■ YOUR GOAL: In the entries below, locate the line with "Toalettsits - Duravit", then give again that line and all lines after it, exactly, with pictures omitted.

■ AVAILABLE RECORDS:
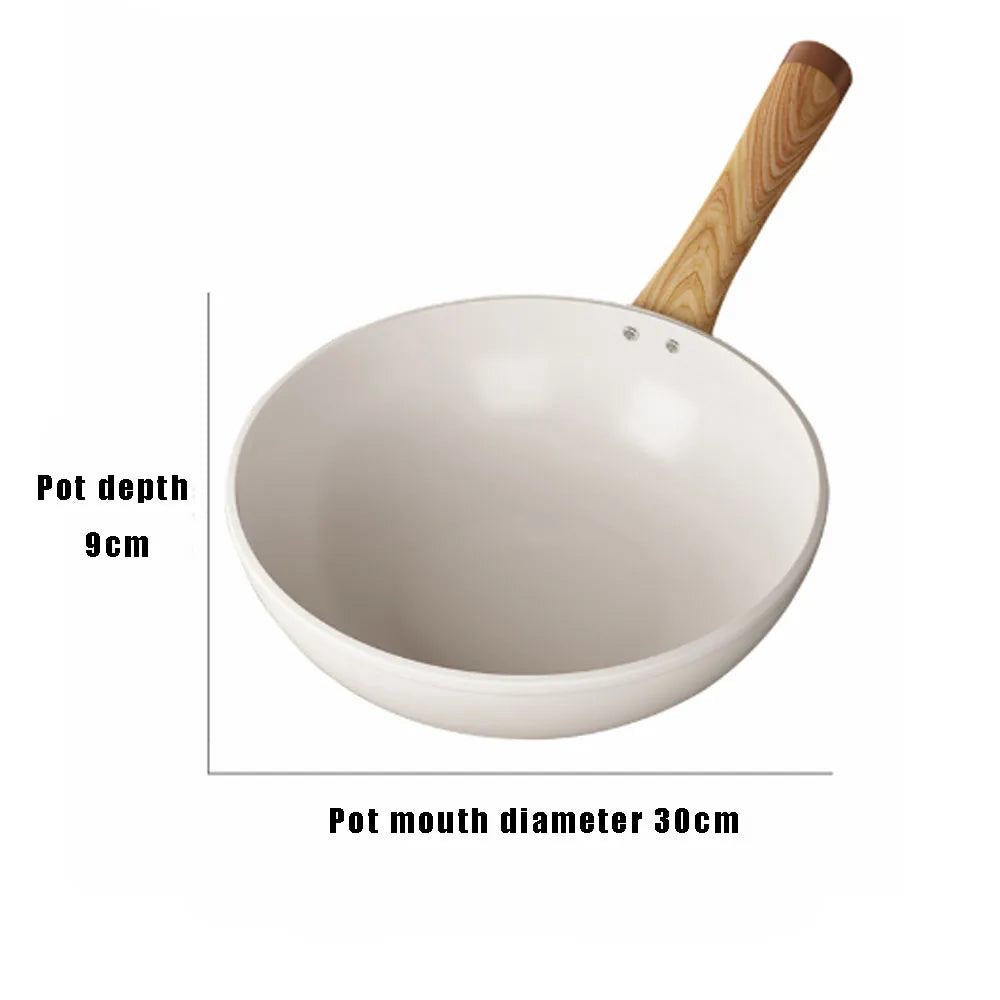 30cm Ceramic Wok Frying Pan - Non-Stick Skillet for Induction & Gas Stove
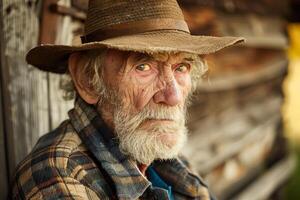 Elderly man with weathered face in rustic setting photo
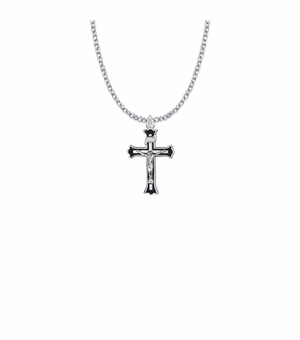1 Inch Sterling Silver Black Border Crucifix Necklace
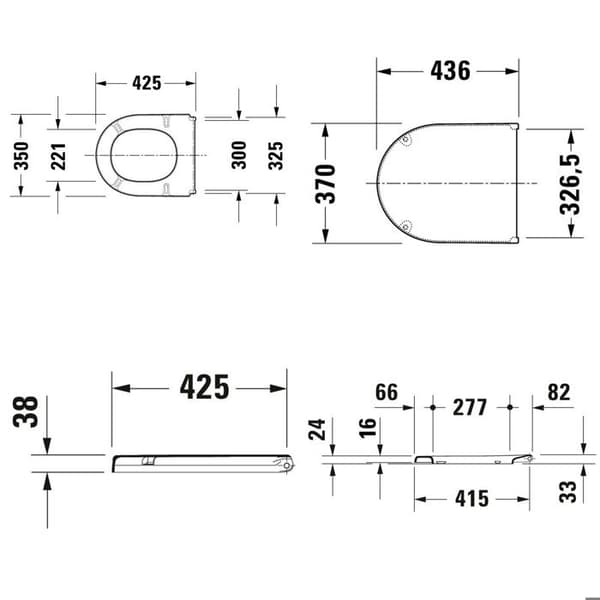 Toalettsits - Duravit - Starck 3 - Vit - Universal - Badrumstillbehör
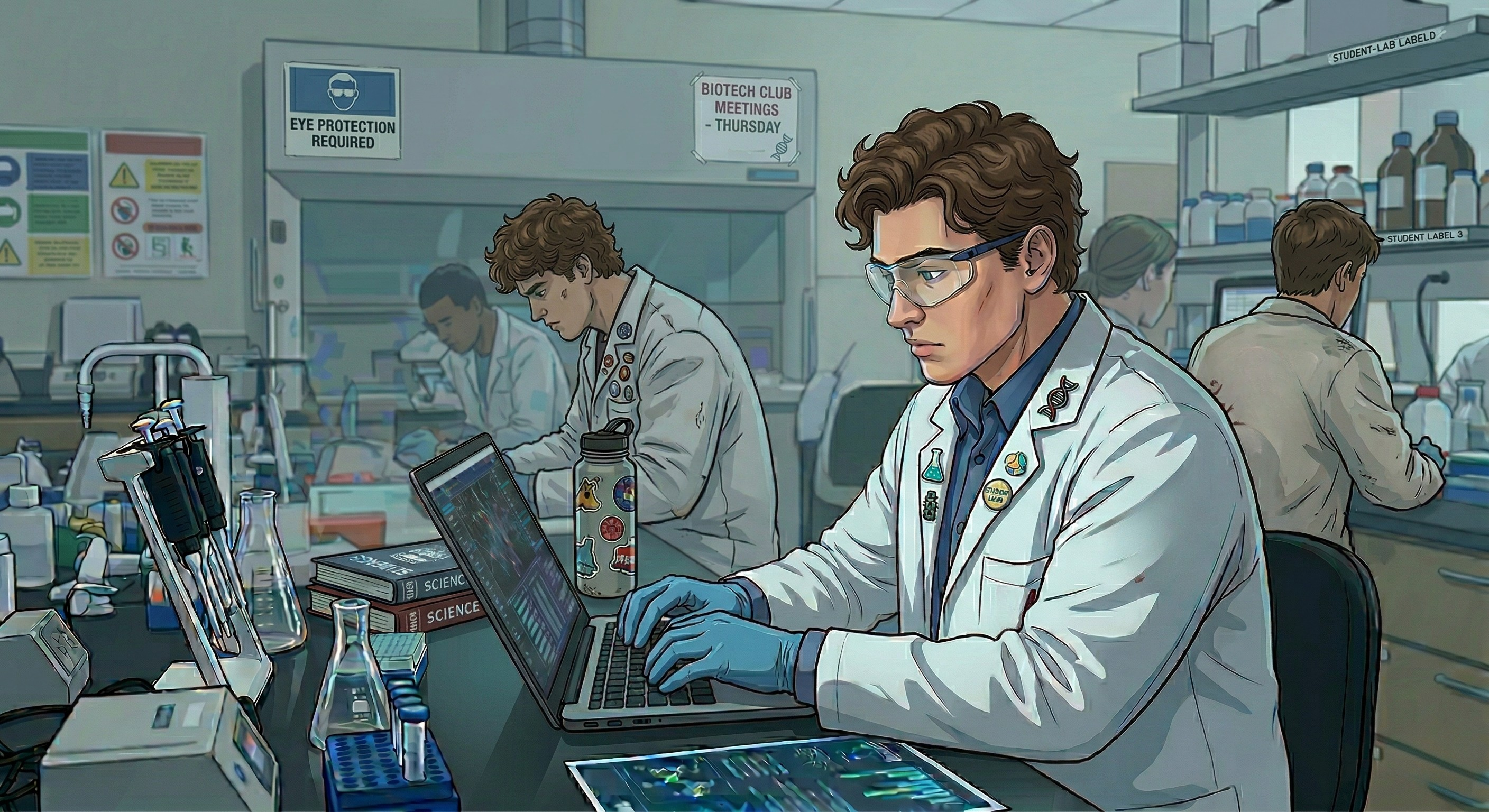 An illustration of a modern university biotechnology laboratory where several students in white lab coats are working. In the foreground, a student with brown curly hair wears safety goggles and blue gloves while typing on a laptop. His lab coat is adorned with pins, including a DNA double helix and a "Student Union" badge. The workstation is crowded with scientific equipment, including pipettes, Erlenmeyer flasks, and textbooks titled "SCIENCE."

■ ANSWER SPACE:
 Toalettsits - Duravit - Starck 3 - Vit - Universal - Badrumstillbehör
 An illustration of a modern university biotechnology laboratory where several students in white lab coats are working. In the foreground, a student with brown curly hair wears safety goggles and blue gloves while typing on a laptop. His lab coat is adorned with pins, including a DNA double helix and a "Student Union" badge. The workstation is crowded with scientific equipment, including pipettes, Erlenmeyer flasks, and textbooks titled "SCIENCE."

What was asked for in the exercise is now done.